Data items
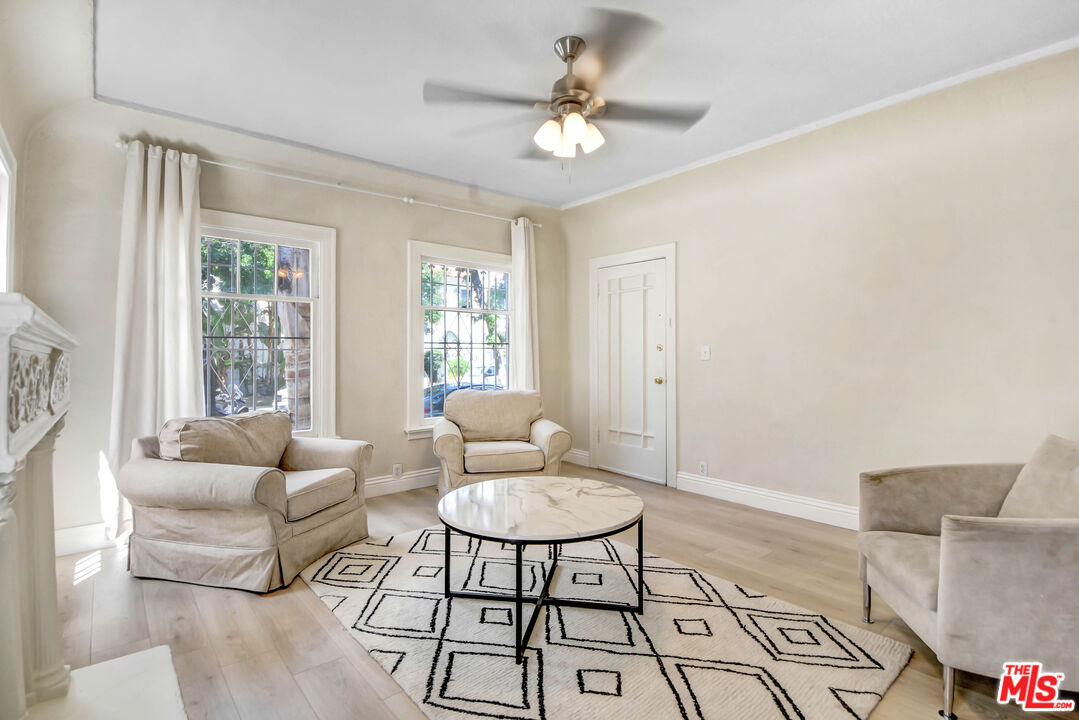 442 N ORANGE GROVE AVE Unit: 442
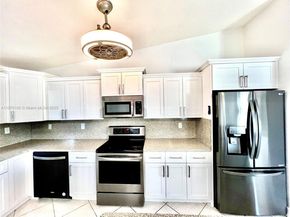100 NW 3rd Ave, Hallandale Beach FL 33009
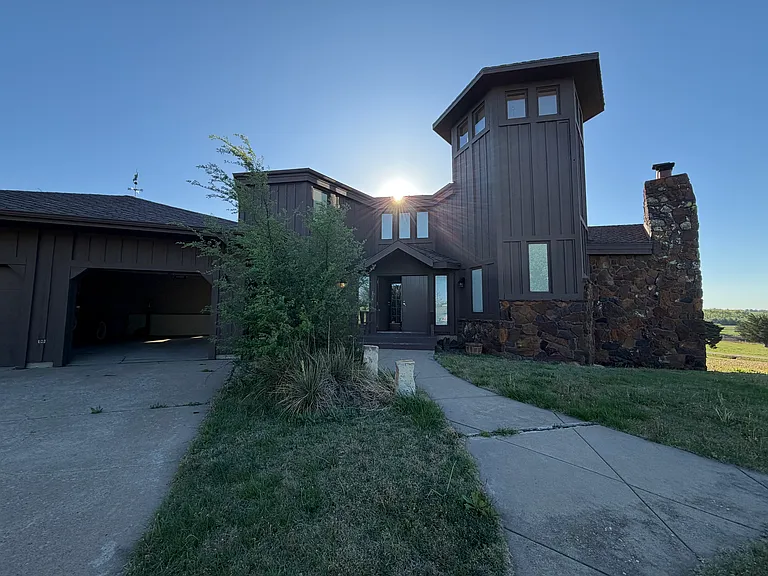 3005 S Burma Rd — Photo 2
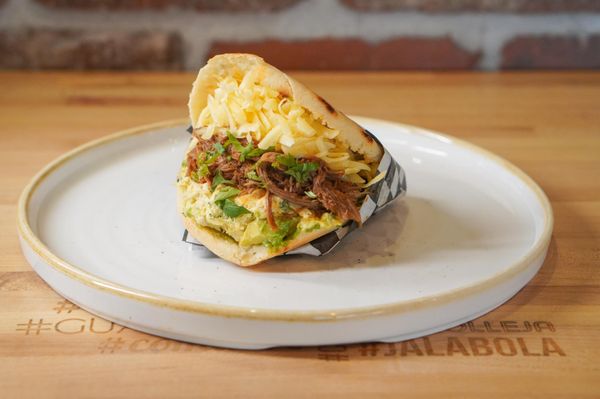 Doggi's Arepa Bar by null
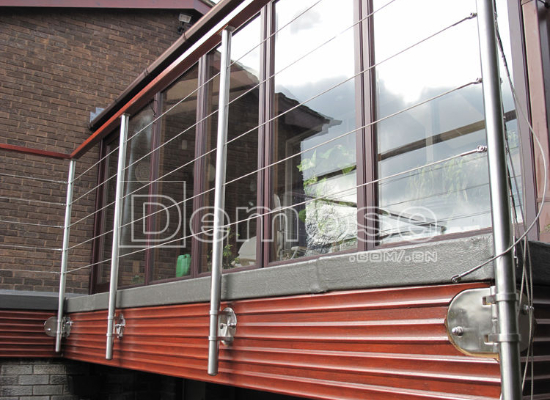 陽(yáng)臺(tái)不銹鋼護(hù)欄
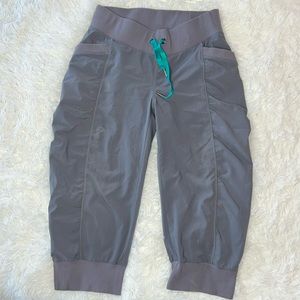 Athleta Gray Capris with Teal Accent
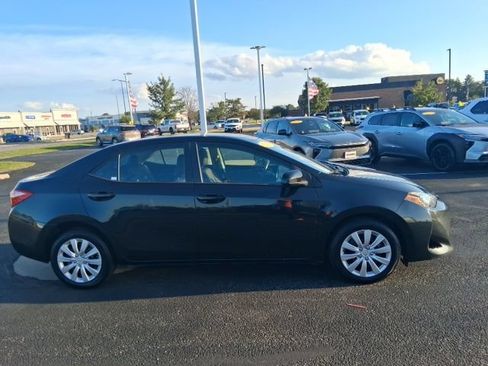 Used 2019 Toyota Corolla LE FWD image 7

→ **Problem to solve**:
Exclude all pictures and reproduce exactly the lines from the one containing "Athleta Gray Capris with Teal Accent" through the final line of the entries above.

→ **Answer for this exercise**:
 Athleta Gray Capris with Teal Accent
 Used 2019 Toyota Corolla LE FWD image 7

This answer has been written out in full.